Sanctions disciplinaires – La prescription ne joue pas en cas de répétition des fautes

Mots clés : Droit du travail - Jurisprudence

En avril 2011, une salariée exerçant des fonctions de directrice se voit reprocher des « agissements humiliants, discriminants, pouvant s’assimiler pour certains à un véritable harcèlement ».

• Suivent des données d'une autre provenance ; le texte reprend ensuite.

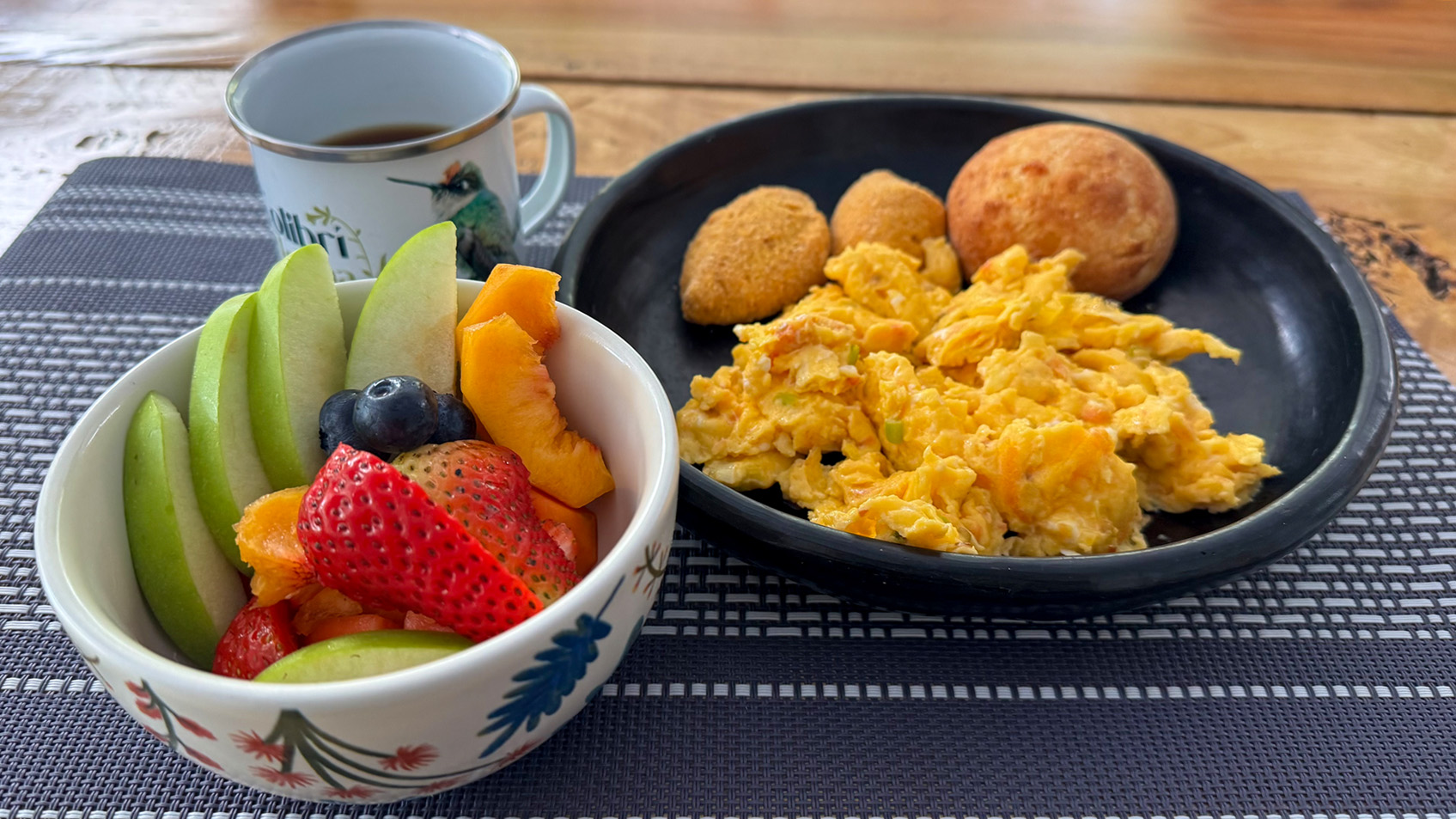 Traditional Colombian breakfast at Retorno del Colibrí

Au mois de novembre de la même année, plusieurs salariés se plaignent par écrit des mêmes actes de la part de l’encadrante. Congédiée pour faute grave le 16 décembre suivant, la salariée saisit les prud’hommes. Les juges d’appel requalifient la rupture en licenciement sans cause réelle et sérieuse. A leurs yeux, l’employeur n’a pas respecté le délai de prescription de deux mois applicable en matière disciplinaire : il avait connaissance, dès le mois d’avril, des faits ayant fondé le licenciement.

Question

Le délai de deux mois joue-t-il en cas de répétition des fautes ?

Réponse

Non. D’après le Code du travail, aucun fait fautif ne peut certes donner lieu, à lui seul, à l’engagement de poursuites disciplinaires au-delà d’un délai de deux mois suivant le jour où l’employeur en a eu connaissance.

Malgré tout, celui-ci peut prendre en compte des actes antérieurs à deux mois si le comportement du salarié s’est poursuivi ou s’est réitéré dans ce délai. Dans le cas soumis à la Cour de cassation, l’employeur pouvait licencier la directrice plus de deux mois après avoir été informé de ses actes, puisque les témoignages des salariés attestaient de leur répétition moins de deux mois avant l’engagement de la procédure.

Cass. soc. , 19 janvier 2017, n° 15-24404.